A trip to Chicago isn't complete without a trip to the Chicago Skydeck. Kissy Missy actually stepped onto The Ledge. She didn't look down. I apologize; my video failed. There was shrieking. It was entertaining.
She also was a little worried as she noticed the massive thunderstorm approaching from the west. Just because we literally were in the highest place around, 103 stories above Chicago, a severe thunderstorm headed our way, she got a little doubtful. What could possibly go wrong?
"Point that thing somewhere else."
A trip anywhere isn't complete without sampling the local cuisine. I think her favorite place (we went there twice) was Lou Mitchell's on Jackson Street. She's enjoying the roast beef over noodles; I had a fluffy omelet with Michigan apples. Make sure you get your Milk Duds or doughnut hole if you go there.

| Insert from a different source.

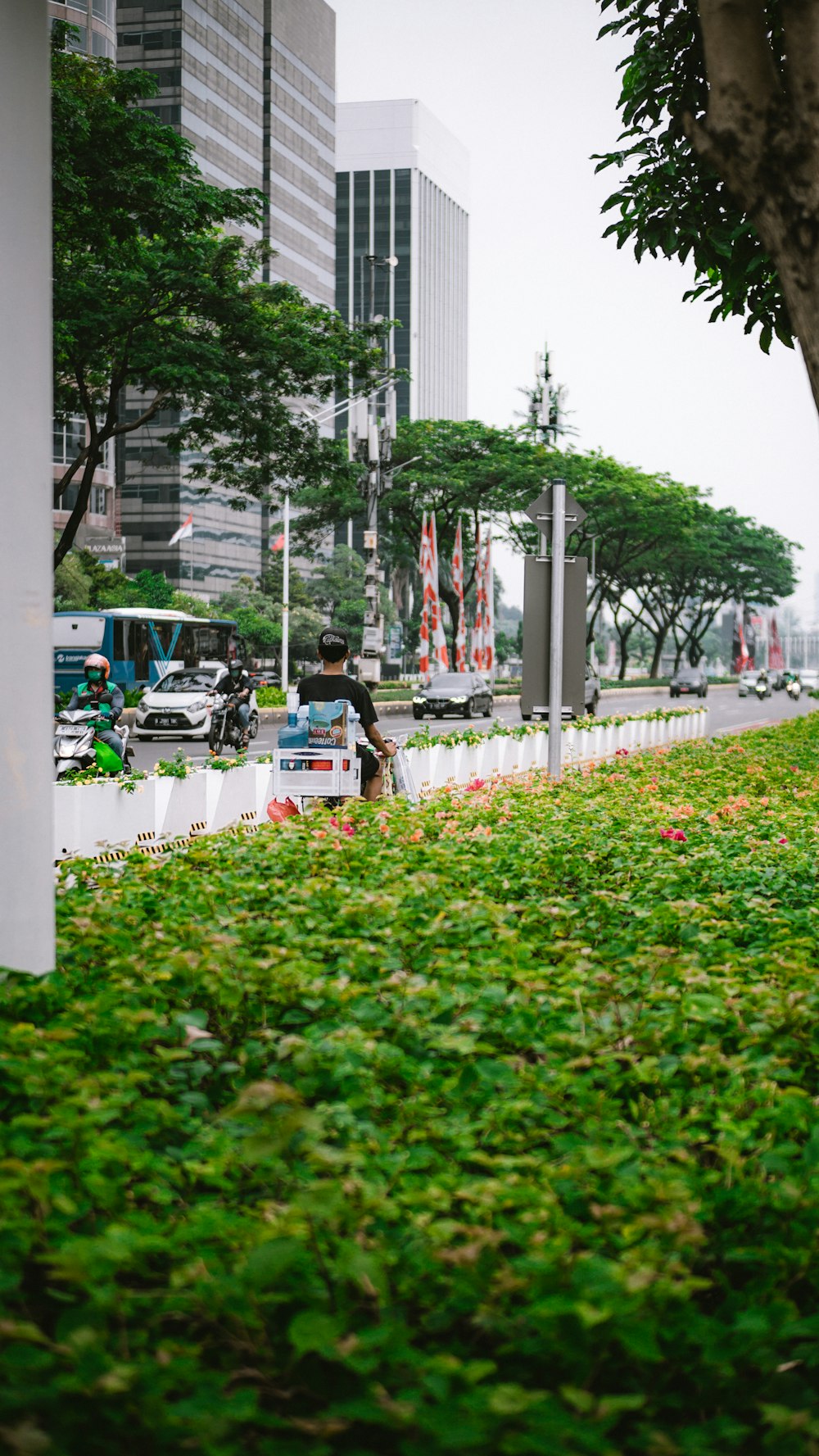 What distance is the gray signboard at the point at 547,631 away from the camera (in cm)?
1166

Timothy O'Toole's in Streeterville is one of the coolest sports bars I've ever been in. The selection of hard ciders, like this California pear cider, really enticed Kissy Missy.
And the bloody Mary on the sidewalk on Michigan Avenue wasn't bad, either.
Monday, July 1, 2013
The Benedictine Bed and Breakfast
A group of Benedictine monks operates an extremely nice bed and breakfast in Chicago. We stayed there, and it put us in the middle of a diverse and highly interesting neighborhood in the city.

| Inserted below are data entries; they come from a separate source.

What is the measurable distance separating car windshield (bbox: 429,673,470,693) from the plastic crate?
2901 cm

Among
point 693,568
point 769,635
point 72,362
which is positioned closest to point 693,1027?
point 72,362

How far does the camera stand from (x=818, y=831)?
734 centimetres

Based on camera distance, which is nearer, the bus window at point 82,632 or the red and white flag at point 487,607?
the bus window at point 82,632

The bed and breakfast itself is the first floor of a row house, and includes a living room, two bedrooms and a fully stocked kitchen. Calling it a bed and breakfast is not quite accurate; you get to cook your own meals, but everything works and the monks supply ample amounts of food. It's a lot like visiting grandma's house in the city.
The presence of the monks in the city is a fairly recent phenomenon; their history is here. The physical center of the monastery is the former Immaculate Conception church, which was closed by the Archdiocese of Chicago in 1989. It has been repurposed into a place that mixes the ancient and the stunningly modern, all for the glory of God.
Kissy Missy and I had the opportunity to attend Sunday Mass at what is called the Monastery of the Holy Cross. The liturgy is a beautiful, ethereal mix of the ancient and the recent, done with Gregorian chant. The worship space itself, alive and reverberant, becomes a part of it all. In the midst of the city, it is a sound straight from the Middle Ages, alive still in the 21st century.